High points? Making some fabulous, life long friends on Twitter, who have become a family. A rich, diverse wonderful group of people who have held my hand, walked with me, cried with me, held me up and not let me fall. Going deeper in relationships at church and being free to just be me there. Going deeper with Jesus and falling more in love with Him every day. Finding my voice when the world would try to shut me up. Going on an amazing retreat in Pembrokeshire. 

Low points, all dealings with the Crisis Team, I'm sure that some are great, mine weren't. Being continually harassed and stalked by people who just want to see me hurt. Having to submit to the PTSD and have time off work. Lying in dark depression and fighting to leave the house with anxiety. Retreating back into the world of mental illness and coping strategies and suicidal thoughts. Losing a dear friend in childbirth. 

Regrets? Not quitting teaching sooner. It has become something ugly and dark, where numbers matter more than children and the only way to advance in your career is to not care who you walk over on your way forward, and I just can't reconcile that.

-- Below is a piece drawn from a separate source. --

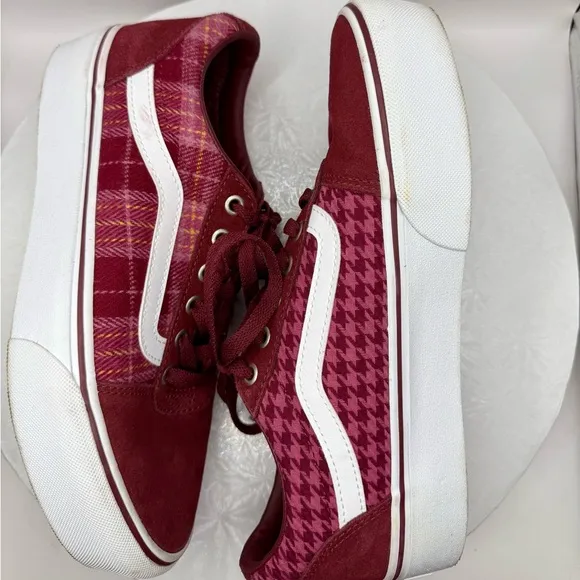Vans Ward Platform Sneakers in Burgundy Plaid and Houndstooth Women’s Size 9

Regrets? Not telling a few people exactly what I think of them to their faces. Not telling them to get out of my life and stay out. Because their continued presence, interference and in two cases stalking behaviour is not something I am prepared to put up with. They think they know me and can control me. People have been doing that my whole life.

My life looks and feels so different this September to last, and to the previous one as well. I am content. I wouldn't say happy, not completely yet, but the sun is peeping out from behind the clouds and I am hoping that it will shine long and bright and hot. It may not be forever summer, but to have sunny spells seemed unthinkable even a few weeks ago.

And I know that no matter what happens, I am not alone. That means more than anything this year. I have grieved the people who rejected me two years. I'm not sad, angry. I actually don't feel anything about them, it's like they've ceased to exist in my head. Thanks for the memories but no part of this year belongs to you.

So, what will the coming year hold?!